Trump and government attorneys have argued that the orders are necessary security measures, focusing on countries that they consider pose elevated risks of terrorism to the United States. The January order sparked widespread protests and legal challenges, including one from the states of Washington and Minnesota that resulted in a temporary restraining order by a federal judge in Seattle. After that ruling was upheld by the Ninth Circuit Court of Appeals, the Trump administration dropped the case and drew up a more limited order.
Among other changes, Trump’s revised ban removed Iraq from the list of countries singled out and exempted permanent residents and current visa holders from the restrictions. Speaking in Nashville, Trump described the second version of the executive order as “tailored to the dictates” of the Ninth Circuit.
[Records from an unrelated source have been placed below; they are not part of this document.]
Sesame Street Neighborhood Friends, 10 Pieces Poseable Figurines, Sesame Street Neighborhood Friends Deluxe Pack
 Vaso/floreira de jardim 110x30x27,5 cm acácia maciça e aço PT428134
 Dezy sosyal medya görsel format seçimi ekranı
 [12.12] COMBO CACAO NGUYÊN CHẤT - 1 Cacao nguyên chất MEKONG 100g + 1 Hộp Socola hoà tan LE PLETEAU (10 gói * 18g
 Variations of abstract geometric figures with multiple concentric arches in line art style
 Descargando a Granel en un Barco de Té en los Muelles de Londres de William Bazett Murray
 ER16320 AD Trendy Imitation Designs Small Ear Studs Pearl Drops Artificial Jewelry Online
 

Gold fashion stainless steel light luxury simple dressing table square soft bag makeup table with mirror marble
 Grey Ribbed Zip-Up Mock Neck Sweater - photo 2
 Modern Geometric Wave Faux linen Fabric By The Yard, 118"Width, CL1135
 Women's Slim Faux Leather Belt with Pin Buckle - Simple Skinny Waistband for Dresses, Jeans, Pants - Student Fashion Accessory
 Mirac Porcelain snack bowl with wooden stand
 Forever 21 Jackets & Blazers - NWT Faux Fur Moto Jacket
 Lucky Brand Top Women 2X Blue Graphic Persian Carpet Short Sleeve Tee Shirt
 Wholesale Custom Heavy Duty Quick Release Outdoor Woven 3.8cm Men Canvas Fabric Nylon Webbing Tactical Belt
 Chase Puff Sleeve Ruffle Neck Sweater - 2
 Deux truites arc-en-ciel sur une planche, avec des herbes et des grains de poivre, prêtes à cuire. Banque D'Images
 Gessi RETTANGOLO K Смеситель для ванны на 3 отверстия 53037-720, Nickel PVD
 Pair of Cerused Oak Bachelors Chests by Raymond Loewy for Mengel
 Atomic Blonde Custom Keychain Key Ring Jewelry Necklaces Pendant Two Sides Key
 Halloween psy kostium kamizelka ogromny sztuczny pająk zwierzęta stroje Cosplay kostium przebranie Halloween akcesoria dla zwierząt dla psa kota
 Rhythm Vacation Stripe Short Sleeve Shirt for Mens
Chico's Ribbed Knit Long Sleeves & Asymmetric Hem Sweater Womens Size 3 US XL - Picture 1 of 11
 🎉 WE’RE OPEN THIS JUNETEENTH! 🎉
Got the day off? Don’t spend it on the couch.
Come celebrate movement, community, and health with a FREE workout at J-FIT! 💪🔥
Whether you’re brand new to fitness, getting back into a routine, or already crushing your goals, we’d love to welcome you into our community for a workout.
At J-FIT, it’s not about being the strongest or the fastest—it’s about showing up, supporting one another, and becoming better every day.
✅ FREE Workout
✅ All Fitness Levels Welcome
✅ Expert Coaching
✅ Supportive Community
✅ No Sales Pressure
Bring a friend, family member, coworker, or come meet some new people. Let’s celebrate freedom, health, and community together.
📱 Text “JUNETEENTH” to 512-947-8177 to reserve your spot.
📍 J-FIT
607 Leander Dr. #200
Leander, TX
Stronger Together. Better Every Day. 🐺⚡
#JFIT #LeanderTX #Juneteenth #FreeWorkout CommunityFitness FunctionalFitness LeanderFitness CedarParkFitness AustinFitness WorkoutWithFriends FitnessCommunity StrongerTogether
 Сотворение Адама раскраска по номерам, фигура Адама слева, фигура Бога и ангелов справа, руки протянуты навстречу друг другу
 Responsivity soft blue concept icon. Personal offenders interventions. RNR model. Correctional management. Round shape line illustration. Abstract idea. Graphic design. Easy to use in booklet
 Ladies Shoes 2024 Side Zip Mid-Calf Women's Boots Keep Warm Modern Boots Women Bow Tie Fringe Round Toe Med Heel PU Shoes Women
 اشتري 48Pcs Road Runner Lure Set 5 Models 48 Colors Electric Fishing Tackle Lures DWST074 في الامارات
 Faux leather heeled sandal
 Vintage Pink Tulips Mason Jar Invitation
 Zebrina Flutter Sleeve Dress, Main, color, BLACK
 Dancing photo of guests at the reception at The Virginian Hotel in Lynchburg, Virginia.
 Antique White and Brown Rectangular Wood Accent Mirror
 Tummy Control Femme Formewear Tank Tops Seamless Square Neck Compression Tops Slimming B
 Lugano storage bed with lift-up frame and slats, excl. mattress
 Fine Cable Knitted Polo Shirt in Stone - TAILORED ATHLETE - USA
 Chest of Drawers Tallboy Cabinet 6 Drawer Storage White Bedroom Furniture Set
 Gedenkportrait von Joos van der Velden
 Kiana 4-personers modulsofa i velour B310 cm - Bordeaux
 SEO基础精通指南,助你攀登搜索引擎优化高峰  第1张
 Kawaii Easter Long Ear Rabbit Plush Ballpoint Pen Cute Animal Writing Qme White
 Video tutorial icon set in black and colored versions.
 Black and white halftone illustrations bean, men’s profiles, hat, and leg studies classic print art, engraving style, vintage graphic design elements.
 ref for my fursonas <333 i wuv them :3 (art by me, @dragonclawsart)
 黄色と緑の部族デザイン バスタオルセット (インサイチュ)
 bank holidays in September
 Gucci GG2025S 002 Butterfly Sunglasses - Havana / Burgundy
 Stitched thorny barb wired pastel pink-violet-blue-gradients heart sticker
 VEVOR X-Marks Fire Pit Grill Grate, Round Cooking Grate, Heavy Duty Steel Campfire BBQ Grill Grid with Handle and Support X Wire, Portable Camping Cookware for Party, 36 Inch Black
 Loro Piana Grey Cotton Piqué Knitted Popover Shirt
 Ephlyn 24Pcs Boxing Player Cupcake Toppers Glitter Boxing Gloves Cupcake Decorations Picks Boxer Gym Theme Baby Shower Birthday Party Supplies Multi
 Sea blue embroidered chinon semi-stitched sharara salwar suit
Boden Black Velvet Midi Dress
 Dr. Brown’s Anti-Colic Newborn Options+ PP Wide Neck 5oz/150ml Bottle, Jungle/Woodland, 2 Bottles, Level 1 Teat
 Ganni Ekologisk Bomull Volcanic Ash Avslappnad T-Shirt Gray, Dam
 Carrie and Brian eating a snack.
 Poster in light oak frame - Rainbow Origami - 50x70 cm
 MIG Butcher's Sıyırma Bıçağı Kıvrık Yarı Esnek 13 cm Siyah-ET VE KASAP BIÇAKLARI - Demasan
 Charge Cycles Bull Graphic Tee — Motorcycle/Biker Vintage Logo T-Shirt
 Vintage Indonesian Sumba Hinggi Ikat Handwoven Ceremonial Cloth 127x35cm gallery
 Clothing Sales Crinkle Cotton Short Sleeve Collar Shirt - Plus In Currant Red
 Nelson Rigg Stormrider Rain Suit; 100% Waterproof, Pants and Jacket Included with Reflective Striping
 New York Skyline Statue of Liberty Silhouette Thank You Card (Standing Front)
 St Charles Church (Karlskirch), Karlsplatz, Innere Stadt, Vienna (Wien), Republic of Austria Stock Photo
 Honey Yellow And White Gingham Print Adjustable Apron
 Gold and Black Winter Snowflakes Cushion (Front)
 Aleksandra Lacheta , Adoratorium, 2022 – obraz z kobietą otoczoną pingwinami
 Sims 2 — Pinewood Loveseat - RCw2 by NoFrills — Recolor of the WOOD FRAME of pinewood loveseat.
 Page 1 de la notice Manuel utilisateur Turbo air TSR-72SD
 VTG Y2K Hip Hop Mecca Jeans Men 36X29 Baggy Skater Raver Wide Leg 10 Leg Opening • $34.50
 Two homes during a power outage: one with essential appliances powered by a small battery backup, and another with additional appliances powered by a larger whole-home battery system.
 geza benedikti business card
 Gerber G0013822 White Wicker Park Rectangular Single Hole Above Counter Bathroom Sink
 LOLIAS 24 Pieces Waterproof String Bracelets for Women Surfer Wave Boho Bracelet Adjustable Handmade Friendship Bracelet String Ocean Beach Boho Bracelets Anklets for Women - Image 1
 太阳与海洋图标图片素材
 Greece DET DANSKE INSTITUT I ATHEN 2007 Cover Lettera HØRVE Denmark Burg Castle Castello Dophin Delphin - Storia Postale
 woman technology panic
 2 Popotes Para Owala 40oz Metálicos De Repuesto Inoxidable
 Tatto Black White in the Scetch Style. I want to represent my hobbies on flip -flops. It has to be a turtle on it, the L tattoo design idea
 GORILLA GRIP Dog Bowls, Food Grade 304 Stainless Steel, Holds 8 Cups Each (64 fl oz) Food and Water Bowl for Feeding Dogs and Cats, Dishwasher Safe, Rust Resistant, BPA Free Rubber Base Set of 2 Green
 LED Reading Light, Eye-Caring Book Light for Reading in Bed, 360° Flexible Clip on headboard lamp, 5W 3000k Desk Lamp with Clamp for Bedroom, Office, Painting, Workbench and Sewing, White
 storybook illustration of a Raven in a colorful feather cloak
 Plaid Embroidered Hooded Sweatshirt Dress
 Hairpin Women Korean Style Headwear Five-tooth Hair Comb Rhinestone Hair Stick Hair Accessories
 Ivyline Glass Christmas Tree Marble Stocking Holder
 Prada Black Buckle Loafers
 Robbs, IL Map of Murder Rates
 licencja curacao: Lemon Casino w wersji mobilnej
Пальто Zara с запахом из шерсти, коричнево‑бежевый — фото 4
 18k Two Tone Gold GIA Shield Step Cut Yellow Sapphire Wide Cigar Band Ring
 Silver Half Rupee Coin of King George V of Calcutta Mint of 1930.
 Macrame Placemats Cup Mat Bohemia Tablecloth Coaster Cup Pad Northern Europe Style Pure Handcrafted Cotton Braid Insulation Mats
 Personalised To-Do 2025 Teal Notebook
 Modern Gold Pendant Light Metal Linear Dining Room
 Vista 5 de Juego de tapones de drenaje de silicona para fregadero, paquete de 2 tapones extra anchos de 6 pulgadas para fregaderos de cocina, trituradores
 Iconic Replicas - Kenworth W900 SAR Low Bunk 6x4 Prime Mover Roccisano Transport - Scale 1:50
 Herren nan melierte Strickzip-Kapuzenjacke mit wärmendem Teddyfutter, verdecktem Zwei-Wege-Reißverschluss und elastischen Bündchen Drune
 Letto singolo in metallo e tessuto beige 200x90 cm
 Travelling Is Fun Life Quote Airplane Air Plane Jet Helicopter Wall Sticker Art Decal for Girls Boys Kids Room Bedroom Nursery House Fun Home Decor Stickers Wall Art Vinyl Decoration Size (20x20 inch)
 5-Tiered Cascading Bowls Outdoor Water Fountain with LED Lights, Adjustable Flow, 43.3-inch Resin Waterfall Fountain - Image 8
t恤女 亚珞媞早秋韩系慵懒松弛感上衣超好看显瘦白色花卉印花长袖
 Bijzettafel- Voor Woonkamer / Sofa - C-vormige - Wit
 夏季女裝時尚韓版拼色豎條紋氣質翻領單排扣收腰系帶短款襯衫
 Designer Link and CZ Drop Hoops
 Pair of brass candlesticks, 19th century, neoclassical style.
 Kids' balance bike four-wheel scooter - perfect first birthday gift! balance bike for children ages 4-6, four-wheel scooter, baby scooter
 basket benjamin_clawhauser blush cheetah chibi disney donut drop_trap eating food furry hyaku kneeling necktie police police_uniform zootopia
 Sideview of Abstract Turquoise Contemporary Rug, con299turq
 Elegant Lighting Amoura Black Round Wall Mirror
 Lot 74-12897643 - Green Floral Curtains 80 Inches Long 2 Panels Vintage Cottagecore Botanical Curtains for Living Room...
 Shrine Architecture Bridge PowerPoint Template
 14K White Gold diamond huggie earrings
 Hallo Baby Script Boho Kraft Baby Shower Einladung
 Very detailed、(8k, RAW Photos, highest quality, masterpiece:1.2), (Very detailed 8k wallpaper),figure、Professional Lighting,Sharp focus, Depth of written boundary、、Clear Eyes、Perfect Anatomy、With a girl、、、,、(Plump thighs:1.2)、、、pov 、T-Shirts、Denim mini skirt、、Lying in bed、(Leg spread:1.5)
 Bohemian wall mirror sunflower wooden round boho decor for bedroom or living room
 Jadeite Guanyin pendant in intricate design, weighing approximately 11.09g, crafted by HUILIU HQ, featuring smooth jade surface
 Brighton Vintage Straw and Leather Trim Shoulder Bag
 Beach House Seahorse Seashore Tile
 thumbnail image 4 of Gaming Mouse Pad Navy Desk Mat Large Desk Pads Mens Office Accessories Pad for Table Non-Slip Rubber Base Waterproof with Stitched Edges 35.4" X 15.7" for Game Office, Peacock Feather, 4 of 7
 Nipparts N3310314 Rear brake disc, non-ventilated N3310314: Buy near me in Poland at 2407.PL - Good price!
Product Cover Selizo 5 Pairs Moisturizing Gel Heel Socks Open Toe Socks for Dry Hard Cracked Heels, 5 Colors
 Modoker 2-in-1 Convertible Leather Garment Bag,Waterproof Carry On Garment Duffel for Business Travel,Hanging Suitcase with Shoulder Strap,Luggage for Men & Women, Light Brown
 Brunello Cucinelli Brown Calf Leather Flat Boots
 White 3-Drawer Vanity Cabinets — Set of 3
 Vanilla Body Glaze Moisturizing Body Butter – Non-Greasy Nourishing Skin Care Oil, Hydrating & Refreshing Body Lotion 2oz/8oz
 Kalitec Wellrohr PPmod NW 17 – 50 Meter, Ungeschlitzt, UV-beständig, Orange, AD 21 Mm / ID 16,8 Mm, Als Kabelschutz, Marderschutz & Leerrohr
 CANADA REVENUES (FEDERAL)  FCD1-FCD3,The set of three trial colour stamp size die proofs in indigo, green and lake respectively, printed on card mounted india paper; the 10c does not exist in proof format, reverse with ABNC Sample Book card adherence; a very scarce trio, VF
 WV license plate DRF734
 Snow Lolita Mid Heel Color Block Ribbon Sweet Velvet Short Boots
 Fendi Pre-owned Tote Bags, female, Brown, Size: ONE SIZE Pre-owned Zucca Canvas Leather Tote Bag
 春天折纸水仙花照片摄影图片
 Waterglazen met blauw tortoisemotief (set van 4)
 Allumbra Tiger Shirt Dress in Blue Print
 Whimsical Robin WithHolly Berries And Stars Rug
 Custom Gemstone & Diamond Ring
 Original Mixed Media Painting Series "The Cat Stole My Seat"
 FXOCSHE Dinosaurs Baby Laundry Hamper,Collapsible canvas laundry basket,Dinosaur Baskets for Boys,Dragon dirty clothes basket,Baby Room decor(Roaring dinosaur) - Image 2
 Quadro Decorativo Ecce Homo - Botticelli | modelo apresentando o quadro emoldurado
Trump also said that he wished he had never revised the order.
“Remember this, I wasn’t thrilled, but the lawyers all said, ‘Oh, let’s tailor it.’ This is a watered-down version of the first one,” Trump explained. “This is a watered-down version, and let me tell you something, I think we ought to go back to the first one and go all the way, which is what I wanted to do in the first place.”
When the first executive order was suspended, attorneys arguing against it suggested the ban violated the Constitution’s ban on religious discrimination and pointed to statements Trump made during his campaign last year calling for a “total and complete shutdown of Muslims” entering the United States. In the lawsuit against the revised ban, Hawaii’s attorney general similarly pointed to previous statements by Trump and his aides. Government lawyers have argued that those comments should have no bearing on the legality of the ban.
In his decision Wednesday, Judge Watson cited Trump’s call for a “total and complete shutdown of Muslims,” and statements made by former New York City Mayor Rudy Giuliani, a top Trump ally, who claimed that the president had approached him to find a legal way to implement a “Muslim ban.”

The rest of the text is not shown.